Proving $\lim_{ x \rightarrow \infty} x/(x!)^{1/x} = e$ without Stirling?

Question

Show that:

$\lim_{ x \rightarrow \infty} x/(x!)^{1/x} = e$

I could prove this by using Stirling’s approximation. But I was wondering if there’s a more elementary way of doing it.

Answer 1

There's Cauchy's limit theorem which states that if $a_{n}$ is a sequence of positive real numbers such that $\lim\frac{a_{n+1}}{a_{n}}=l<\infty$ exists then $\lim_{n\to\infty}(a_{n})^{\frac{1}{{n}}}=l$ . Note that this should remind you of the ratio test and the root test for convergence of series .
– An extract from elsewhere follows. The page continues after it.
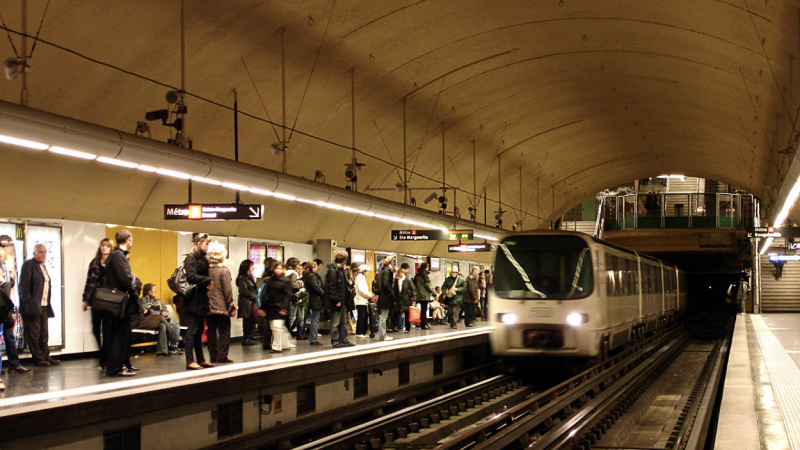 Orange, Free, SFR et Bouygues : la 4G débarque enfin dans le métro de Marseille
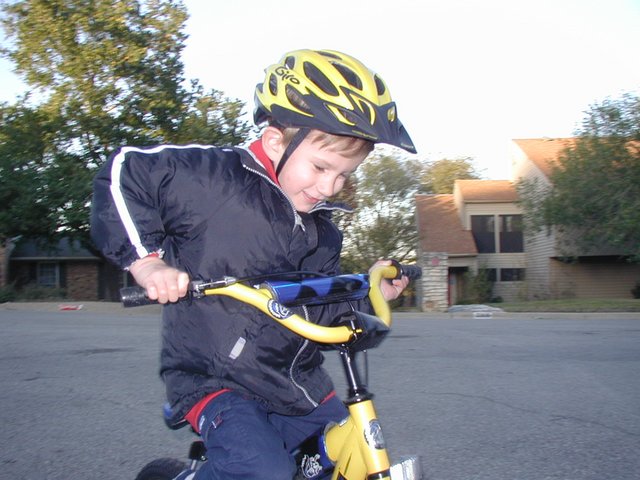 2003/11(November)/ThanksGiving/640x480_2003-11-27-Thanksgiving-14-bikes-Chance.JPG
Hence consider the sequence $\bigg(\frac{n^{n}}{n!}\bigg)^{\frac{1}{n}}$ and try to apply the above theorem. You should get $e$ as the limit of the ratio of $n+1$ th and the $n$ th term.

Alternatively :-

Consider $a_{n}=\bigg(\prod_{r=1}^{n}\frac{n}{r}\bigg)^{\frac{1}{n}}$ . So taking logs on both sides, you get:-

$$\log(a_{n})=\frac{1}{n}\sum_{r=1}^{n}\log(\frac{n}{r})$$

Using Riemann Sums, you have:-

$\lim_{n\to\infty}\log(a_{n})=\lim_{n\to\infty}\frac{1}{n}\sum_{r=1}^{n}\log(\frac{n}{r})=\int_{0}^{1}-\ln(x)\,dx = 1$

Thus $\lim_{n\to\infty}\log(a_{n})= 1\implies\log(\lim_{n\to\infty}a_{n})=1$ by continuity .
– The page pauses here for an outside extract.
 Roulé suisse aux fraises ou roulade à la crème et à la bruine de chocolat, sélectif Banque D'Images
Hence , $\lim_{n\to\infty}a_{n} = e $ . (Notice that I am apriori assuming the limit of $a_{n}$ exists and just finding the value of it. I have not shown or proven existence anywhere). So technically, to justify everything, one should first prove that $a_{n}$ is indeed a Cauchy Sequence.

Answer 2

Another solution is based on the MacLaurin expansion $$e^x=\sum_{k=0}^\infty {x^k\over k!}$$ We have $$e^n=\sum_{k=0}^\infty {n^k\over k!}\ge {n^n\over n!}$$ The sequence $a_k= {k^n\over k!}$ is increasing for $0\le k\le n,$ decreasing for $k\ge n$ and $${a_{k+1}\over a_k}={n\over k+1}\le {n\over n+1},\quad k\ge n$$ Therefore $$e^n\le (n+1){n^n\over n!}+\sum_{k=n}^\infty \left ({n\over n+1}\right )^{k-n}\, {n^n\over n!}\\ = (n+1){n^n\over n!}+ (n+1){n^n\over n!}=2(n+1){n^n\over n!}$$ Therefore $${e^n\over 2(n+1)}\le {n^n\over n!}\le e^n$$ The conclusion follows by the squeezing principle.